Fassade Text: Roderick Hönig

Das Biozentrum ist auf faszinierende Art mass­stabs­los. Aus der Ferne betrachtet ragt es wie ein fein strukturierter Kubus aus dem Stadtkörper, von Nahem wächst es als abstrakte, matt schimmernde Stahl-Glas-Skulptur aus dem Boden. Die reduzierte Fassadengestaltung und die Chromstahlverkleidung bilden die Basis dieses Effekts. In den frühmorgendlichen Nebelschwaden taucht das Gebäude auf und wieder unter, tagsüber schimmert es silbern bis weiss, in der Abendsonne leuchtet es golden, und nachts, wenn die Fenster in der Dunkelheit verschwinden, löst es sich in eine gigantische Gitterstruktur auf. Das edle Material ist eine Reverenz an das technische Innenleben des Hauses und gibt ihm eine elegante, immer wieder andere Präsenz im Stadtraum.
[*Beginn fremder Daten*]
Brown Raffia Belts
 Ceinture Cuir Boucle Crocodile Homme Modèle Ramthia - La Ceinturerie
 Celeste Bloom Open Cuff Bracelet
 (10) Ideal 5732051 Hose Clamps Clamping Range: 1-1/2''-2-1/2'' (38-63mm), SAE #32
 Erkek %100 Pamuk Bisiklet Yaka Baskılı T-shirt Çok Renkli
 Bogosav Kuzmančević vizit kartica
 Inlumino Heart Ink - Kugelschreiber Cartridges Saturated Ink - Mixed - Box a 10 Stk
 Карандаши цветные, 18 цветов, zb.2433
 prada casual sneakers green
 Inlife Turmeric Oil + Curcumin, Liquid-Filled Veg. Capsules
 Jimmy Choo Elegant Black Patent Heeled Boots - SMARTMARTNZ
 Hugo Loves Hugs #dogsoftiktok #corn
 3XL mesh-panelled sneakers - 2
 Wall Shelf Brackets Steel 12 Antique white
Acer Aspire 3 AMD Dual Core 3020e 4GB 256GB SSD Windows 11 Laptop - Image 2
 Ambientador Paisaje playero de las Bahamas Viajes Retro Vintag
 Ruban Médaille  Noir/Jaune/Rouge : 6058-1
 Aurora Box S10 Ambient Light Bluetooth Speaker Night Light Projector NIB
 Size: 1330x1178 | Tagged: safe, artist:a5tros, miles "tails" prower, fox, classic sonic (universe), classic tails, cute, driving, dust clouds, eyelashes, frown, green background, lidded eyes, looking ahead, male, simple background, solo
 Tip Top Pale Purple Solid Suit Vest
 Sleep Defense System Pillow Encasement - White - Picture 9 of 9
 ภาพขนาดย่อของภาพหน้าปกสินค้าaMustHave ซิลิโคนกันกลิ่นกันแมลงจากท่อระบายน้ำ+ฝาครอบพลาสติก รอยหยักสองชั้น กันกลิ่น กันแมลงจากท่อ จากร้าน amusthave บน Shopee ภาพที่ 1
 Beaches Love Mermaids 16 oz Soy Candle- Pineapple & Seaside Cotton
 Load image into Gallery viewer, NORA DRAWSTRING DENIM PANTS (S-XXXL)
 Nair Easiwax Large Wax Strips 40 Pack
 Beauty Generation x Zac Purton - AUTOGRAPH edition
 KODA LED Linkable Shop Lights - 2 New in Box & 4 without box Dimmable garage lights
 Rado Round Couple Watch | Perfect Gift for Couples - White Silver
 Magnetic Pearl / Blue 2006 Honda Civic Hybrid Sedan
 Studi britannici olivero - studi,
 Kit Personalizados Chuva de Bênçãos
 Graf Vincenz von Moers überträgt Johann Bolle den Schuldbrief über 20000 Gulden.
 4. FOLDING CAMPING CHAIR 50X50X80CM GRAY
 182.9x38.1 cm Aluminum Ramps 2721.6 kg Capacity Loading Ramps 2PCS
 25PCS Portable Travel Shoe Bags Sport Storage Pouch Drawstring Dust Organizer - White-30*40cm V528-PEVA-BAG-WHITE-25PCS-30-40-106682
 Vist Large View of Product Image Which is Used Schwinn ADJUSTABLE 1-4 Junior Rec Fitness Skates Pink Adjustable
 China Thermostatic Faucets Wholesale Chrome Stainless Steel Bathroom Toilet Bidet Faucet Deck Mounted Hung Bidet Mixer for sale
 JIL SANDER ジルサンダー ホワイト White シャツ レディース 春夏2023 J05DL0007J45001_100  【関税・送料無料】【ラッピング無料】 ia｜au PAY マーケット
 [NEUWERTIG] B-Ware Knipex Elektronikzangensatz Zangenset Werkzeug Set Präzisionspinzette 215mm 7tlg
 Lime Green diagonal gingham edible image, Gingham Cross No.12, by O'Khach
Das zweite Thema der Aussenhülle ist Masse: Ein Haus, bei dem Trag- und Gebäudestruktur eins sind, ist kein Leichtgewicht. Stützen und Träger bilden eine gitterartige Tragstruktur – die gelochten Fassadenscheiben sind, zusammen mit den vier inneren Erschliessungskernen, auch statisch wirksam. Und weil das Biozentrum zu seiner Masse steht, wird es nicht von einer ‹ Curtain Wall › umhüllt, sondern von einer schweren Lochfassade eingemantelt, die auch die Wind- und Erdbebenlasten aufnimmt. Die tragende Gitterstruktur bildet sich im flachen Relief des Fassadenblechs ab. Die Öffnungen sind so gross wie statisch möglich und wirken aus der Ferne trotzdem bloss wie kleine Ausstanzungen in einer Metall-

scheibe. Die Grössenverhältnisse täuschen: Die fest verglasten Kastenfenster sind fünf Meter breit und mehr als drei Meter hoch. In den Ecken stos­sen jeweils zwei Gläser direkt aufeinander. Das betont das Gitter – und nicht die Kante. Bei den zehn Laborgeschossen sind diese Eckfenster grösser. Fast schon klassisch teilt der Fensterstreifen, der dadurch an den Gebäudekanten entsteht, die Fassade in Mittelteil und Eckrisalit und deutet gleichzeitig an, dass im Winkel jeweils die Professorenbüros liegen. Über dem ersten und zweiten Geschoss ist das Brüstungsband für Zuluft rundherum expressiv durchlöchert, was eine Art Sockel auszeichnet. Eine gläserne Krone auf dem Kopf des Biozentrums gibt den Blick auf einen Teil der Haustechnik frei, die über allem im Dachgeschoss thront. Die Fenster sind vorgefertigte ‹ Closed Cavity ›-Kon­ struk­ti­o­nen: Jeweils ein Fensterelement ist ein eigenes, geschlossenes System. Dieser ‹ geschlossenen Kammer › wird mit leichtem Überdruck laufend trockene und gereinigte Luft zugeführt. Diese macht eine Öffnung zur Reinigung der Innenseiten der Gläser überflüssig und verhindert, dass sich auf den Fensterscheiben Kondensat oder Schmutz ablagern. Zwischen den Gläsern liegt auch der Sonnenschutz: hängende Stofflamellen, die sich je nach Sonnenstand automatisch ausrichten. Von aus­sen wirkt die Fassade flach, nur ein leicht versenktes Glas in einem chromstahlverkleideten Rahmen ist zu sehen. Im Innern tritt die Tragstruktur plastischer in Erscheinung, hier ragen die Fassadenstützen tief in den Raum. Sie formen wohlproportionierte Nischen, in denen jeweils vier Schreibarbeitsplätze mit – zumindest in den oberen Geschossen – herrlichem Blick über Basel eingerichtet sind.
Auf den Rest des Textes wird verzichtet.